“Genialmitico! Non ho la minima idea di quello che sta succedendo” (Homer Simpson)

Nella prima scena di Coma, secondo episodio della seconda stagione di Twin Peaks, Dale e Albert si trovano a far colazione al Northern Hotel. Dietro di loro, inutile ma impossibile da non notare, un quartetto di cantanti vestiti con colori sgargianti. Si tratta di una delle molte volte in cui l’albergo viene utilizzato, senza cenni particolari, senza importanza nella trama, come luogo di convention di personaggi che si fanno notare (cheerleader, nativi americani, bande musicali appunto), come mera caratterizzazione dell’ambiente.

La scrittura di Twin Peaks, e il cinema di David Lynch potremmo dire, giocano sul fascino di ciò che è superfluo, ma sopra le righe. Su una visione che aggiunge fascinazione tramite queste sovrastrutture di immagini e simboli non sempre chiari che, contrariamente alla classica pistola di Cechov, non hanno bisogno di trovare un senso narrativo per potersi giustificare. Sarà il caso, più o meno, di una scena che arriva poco dopo, e che vede Donna sostituire Laura nella consegna di pasti a domicilio. In questo modo la giovane finisce a casa della signora Tremond, dove ha un incontro inquietante dal significato indecifrabile con la donna e con il nipote Pierre, interpretato dal figlio di David Lynch.

In realtà il momento, in puro stile lynchano, avrà un seguito e una giustificazione nell’approfondimento della mitologia dello show. Possiamo già anticipare, affidandoci agli indizi rivelati dal prequel Fuoco cammina con me, come le due figure siano in realtà l’ennesima manifestazione umana nel mondo reale degli spiriti della Loggia. La stessa crema di mais su cui gioca tutto il segmento ritorna in una diversa veste e con un diverso nome, forse come vera giustificazione dell’agire profondo degli spiriti del bene e del male. Ma ci torneremo al momento opportuno.

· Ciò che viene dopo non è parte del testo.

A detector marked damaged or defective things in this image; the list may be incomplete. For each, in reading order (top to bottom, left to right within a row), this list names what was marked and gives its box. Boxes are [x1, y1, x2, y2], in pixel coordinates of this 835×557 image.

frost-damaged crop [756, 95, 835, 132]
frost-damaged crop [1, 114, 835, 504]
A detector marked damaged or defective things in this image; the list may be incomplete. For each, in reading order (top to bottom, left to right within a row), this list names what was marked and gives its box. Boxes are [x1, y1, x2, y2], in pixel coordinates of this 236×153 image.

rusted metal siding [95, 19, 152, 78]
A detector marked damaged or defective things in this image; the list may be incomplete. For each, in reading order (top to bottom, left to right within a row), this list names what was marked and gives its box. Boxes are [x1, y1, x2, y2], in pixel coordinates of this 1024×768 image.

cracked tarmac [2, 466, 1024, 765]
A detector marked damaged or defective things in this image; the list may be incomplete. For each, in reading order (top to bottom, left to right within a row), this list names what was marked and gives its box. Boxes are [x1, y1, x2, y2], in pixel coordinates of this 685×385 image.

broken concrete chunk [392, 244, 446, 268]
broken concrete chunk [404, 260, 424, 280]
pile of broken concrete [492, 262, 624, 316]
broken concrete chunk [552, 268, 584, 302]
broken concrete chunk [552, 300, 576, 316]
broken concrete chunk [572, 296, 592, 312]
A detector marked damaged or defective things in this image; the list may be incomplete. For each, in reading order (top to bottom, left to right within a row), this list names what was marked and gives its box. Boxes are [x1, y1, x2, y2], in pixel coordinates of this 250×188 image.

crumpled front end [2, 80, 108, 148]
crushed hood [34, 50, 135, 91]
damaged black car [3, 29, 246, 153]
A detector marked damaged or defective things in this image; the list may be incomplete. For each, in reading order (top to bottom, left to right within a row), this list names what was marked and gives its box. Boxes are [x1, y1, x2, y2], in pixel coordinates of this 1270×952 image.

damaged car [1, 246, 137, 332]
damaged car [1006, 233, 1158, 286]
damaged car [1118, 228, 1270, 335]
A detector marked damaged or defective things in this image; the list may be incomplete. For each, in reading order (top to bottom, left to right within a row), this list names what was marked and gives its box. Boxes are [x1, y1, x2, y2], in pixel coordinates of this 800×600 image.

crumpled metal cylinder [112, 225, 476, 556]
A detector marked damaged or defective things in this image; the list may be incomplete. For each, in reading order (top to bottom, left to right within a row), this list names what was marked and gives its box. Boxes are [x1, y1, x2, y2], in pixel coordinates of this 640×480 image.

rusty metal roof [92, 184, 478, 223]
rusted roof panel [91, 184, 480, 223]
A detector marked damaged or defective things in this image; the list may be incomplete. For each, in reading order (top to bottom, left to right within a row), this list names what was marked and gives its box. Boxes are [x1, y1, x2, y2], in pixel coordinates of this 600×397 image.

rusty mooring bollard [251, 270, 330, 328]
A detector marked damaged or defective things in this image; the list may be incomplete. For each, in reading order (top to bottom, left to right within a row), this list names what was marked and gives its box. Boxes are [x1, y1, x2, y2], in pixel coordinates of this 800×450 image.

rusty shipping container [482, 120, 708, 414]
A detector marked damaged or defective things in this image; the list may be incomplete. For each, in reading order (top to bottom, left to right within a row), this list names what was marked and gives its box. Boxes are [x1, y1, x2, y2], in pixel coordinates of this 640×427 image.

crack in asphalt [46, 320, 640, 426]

Ancora una volta diretto da David Lynch, l’episodio gioca con ironia con le aspettative degli spettatori, che per l’ennesima volta sentono di essere vicini alla verità e alla scoperta cruciale. Mentre Ronette, uscita dal coma, aspetta di rivelare il nome del terzo uomo, Cooper e Truman cercano di sistemare l’altezza degli sgabelli vicino al letto. Quando la rivelazione arriva, siamo un po’ delusi: il terzo uomo è Bob. Non è l’unico momento di ironia in un episodio che, come al solito, trova anche il modo di inserire le schermaglie amorose tra Lucy e Andy, ma che, dopo pochi minuti, può giocare su immagini di terrore puro.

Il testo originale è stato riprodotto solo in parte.